Par « travail judicieux » en santé mentale, nous entendons un investissement dans la capacité de dépistage et de triage; les données qui en découleront permettront de mettre au point des protocoles de soins adaptés au fardeau de la maladie et d’évaluer convenablement les résultats dans un esprit d’amélioration constante des interventions. S’appuyant sur son Cadre pour une stratégie en matière de santé mentale, la Commission de la santé mentale du Canada prône depuis cinq ans une meilleure évaluation du rendement, tout comme la majorité des provinces qui se sont dotées d’une stratégie. La tâche est gigantesque : créer une structure digne de ce nom à partir de rien.

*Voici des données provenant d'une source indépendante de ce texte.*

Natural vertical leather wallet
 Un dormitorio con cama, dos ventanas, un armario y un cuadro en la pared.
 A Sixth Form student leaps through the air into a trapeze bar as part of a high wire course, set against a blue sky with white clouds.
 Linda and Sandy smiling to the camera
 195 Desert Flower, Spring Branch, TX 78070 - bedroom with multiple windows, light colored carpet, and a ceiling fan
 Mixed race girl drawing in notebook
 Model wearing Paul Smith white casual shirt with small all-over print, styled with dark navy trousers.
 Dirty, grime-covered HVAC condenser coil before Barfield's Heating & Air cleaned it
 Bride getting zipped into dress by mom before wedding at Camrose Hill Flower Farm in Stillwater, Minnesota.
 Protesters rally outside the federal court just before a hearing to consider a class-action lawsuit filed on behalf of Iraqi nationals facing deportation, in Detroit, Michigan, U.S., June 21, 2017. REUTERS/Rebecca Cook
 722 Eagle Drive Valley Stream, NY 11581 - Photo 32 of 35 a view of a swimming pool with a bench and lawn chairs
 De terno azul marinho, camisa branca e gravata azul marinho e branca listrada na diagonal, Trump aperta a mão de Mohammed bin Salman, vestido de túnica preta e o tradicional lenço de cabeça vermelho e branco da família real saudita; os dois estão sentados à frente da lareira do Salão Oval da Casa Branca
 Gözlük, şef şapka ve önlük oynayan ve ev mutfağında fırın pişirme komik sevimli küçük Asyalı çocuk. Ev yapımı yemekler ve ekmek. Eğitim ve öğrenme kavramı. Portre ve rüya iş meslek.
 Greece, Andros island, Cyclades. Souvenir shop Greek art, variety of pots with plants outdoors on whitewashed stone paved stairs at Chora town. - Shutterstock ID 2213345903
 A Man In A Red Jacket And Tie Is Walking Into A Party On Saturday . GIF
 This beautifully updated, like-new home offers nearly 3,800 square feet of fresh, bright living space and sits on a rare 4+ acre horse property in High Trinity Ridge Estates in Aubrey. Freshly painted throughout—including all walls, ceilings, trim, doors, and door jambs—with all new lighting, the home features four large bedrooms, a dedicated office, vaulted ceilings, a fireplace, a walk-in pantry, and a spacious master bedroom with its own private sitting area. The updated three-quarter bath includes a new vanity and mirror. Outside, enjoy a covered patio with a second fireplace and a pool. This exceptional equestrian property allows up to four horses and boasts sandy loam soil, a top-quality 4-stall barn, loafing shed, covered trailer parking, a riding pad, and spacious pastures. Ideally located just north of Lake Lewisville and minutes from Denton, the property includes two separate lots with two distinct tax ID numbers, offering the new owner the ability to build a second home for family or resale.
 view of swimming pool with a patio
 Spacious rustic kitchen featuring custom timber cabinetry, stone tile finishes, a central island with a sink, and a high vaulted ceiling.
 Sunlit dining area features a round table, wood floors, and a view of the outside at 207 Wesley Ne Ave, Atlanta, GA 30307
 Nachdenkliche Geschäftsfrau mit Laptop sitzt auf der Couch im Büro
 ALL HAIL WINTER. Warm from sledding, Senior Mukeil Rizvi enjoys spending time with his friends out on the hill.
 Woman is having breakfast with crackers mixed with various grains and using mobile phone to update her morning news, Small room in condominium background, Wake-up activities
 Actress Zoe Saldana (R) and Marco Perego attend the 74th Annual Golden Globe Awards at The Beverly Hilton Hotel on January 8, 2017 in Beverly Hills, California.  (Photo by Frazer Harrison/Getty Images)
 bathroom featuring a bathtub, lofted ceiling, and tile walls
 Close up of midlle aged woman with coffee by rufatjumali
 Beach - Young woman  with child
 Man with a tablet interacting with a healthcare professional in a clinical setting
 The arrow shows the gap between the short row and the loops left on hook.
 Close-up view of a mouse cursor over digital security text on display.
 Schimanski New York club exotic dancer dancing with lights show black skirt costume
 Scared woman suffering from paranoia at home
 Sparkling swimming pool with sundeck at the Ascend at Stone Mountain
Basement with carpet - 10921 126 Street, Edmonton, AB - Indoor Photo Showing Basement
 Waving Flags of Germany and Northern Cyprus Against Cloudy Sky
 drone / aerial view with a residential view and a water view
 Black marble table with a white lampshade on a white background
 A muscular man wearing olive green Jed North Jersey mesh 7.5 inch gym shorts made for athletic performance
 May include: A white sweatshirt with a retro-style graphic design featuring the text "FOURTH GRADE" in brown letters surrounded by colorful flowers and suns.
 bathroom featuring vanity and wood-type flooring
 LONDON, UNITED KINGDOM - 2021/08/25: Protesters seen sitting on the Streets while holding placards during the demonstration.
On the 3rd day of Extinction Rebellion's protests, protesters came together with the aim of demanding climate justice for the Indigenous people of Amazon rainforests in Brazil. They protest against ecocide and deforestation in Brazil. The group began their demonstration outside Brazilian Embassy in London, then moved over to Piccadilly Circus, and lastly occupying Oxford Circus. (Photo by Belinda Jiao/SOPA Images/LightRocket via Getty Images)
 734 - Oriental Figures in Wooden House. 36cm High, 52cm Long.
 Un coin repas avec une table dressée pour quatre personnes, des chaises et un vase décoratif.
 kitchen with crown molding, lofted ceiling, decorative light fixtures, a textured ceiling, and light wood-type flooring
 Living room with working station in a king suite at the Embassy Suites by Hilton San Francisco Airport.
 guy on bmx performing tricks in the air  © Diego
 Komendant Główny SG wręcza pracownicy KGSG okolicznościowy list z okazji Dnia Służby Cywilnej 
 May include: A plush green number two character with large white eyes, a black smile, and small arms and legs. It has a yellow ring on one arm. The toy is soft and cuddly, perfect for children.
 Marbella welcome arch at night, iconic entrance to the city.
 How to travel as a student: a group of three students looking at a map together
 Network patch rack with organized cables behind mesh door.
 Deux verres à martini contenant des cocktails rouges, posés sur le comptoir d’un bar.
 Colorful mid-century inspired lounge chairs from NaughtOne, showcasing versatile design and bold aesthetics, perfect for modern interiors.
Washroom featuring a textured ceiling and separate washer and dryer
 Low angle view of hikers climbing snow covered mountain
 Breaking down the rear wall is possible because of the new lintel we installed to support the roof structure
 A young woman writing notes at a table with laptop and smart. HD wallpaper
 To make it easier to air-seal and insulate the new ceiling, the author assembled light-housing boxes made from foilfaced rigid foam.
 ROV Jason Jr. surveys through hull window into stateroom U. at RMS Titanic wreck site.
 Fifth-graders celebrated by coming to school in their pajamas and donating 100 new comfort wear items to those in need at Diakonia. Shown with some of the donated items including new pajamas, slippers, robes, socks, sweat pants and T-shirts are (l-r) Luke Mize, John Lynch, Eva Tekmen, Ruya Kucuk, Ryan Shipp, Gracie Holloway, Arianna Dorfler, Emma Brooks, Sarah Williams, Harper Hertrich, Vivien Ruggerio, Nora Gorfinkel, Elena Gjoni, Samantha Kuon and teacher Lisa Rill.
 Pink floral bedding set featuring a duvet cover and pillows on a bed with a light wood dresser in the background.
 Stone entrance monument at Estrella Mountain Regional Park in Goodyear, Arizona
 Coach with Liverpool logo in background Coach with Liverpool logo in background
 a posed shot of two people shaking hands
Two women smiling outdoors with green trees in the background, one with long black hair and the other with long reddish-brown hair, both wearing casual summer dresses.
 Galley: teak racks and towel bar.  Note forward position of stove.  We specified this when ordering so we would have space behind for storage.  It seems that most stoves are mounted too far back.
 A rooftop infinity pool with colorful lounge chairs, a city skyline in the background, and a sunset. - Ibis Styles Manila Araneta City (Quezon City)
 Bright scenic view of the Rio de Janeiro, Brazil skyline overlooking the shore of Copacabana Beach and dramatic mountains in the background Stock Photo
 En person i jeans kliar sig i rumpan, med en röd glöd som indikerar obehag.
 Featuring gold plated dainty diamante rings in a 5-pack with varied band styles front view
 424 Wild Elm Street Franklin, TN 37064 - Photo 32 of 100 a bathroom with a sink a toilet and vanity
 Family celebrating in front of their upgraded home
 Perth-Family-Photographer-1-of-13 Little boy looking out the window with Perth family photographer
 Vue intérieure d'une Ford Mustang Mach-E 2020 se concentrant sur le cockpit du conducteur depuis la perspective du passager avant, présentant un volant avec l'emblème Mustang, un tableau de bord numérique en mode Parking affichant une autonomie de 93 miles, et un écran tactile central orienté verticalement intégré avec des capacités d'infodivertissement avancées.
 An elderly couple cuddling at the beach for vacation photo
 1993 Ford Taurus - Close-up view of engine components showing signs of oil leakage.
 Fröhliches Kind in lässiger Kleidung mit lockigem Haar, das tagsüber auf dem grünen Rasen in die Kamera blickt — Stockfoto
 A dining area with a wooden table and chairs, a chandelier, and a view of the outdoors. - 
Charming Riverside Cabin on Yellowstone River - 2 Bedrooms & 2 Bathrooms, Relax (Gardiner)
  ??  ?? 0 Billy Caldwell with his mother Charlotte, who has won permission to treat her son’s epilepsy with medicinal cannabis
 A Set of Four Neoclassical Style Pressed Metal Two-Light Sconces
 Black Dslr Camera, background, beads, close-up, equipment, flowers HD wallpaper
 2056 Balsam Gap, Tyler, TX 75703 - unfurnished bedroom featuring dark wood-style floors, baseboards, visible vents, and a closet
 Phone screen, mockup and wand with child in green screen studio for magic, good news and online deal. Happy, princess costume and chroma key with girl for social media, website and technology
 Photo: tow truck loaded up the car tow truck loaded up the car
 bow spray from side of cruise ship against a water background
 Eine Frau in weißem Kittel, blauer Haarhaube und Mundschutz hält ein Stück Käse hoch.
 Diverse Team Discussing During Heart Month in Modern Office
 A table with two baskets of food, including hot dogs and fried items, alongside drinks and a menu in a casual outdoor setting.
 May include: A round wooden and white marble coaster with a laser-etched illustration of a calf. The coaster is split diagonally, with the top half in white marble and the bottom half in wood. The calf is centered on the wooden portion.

Si nous entendons parler davantage de maladie mentale dans les médias ces jours-ci, c’est grâce aux témoignages de personnes courageuses qui acceptent de raconter leur parcours, et qui contribuent par le fait même à réduire la stigmatisation. Les gens n’acceptent plus de souffrir en silence; désormais, nous ne pouvons plus fermer les yeux sur le fardeau de la maladie mentale.
Néanmoins, il faudrait que les personnes qui se résolvent à demander de l’aide pour la première fois puissent trouver des services capables de les accueillir adéquatement et de répondre à leurs besoins. Sans cette structure, nous continuerons de trouver à chaque semaine à la une des journaux des histoires déprimantes à propos de l’aide insuffisante aux personnes souffrant de maladie mentale.
Paul Kurdyak est expert-conseil auprès du site EvidenceNetwork.ca, psychiatre et chercheur clinique ou Centre de toxicomanie et de santé mentale (CAMH).
Sanjeev Sockalingam est psychiatre, professeur associé à l’Université de Toronto et psychiatre en chef suppléant au Réseau universitaire de santé.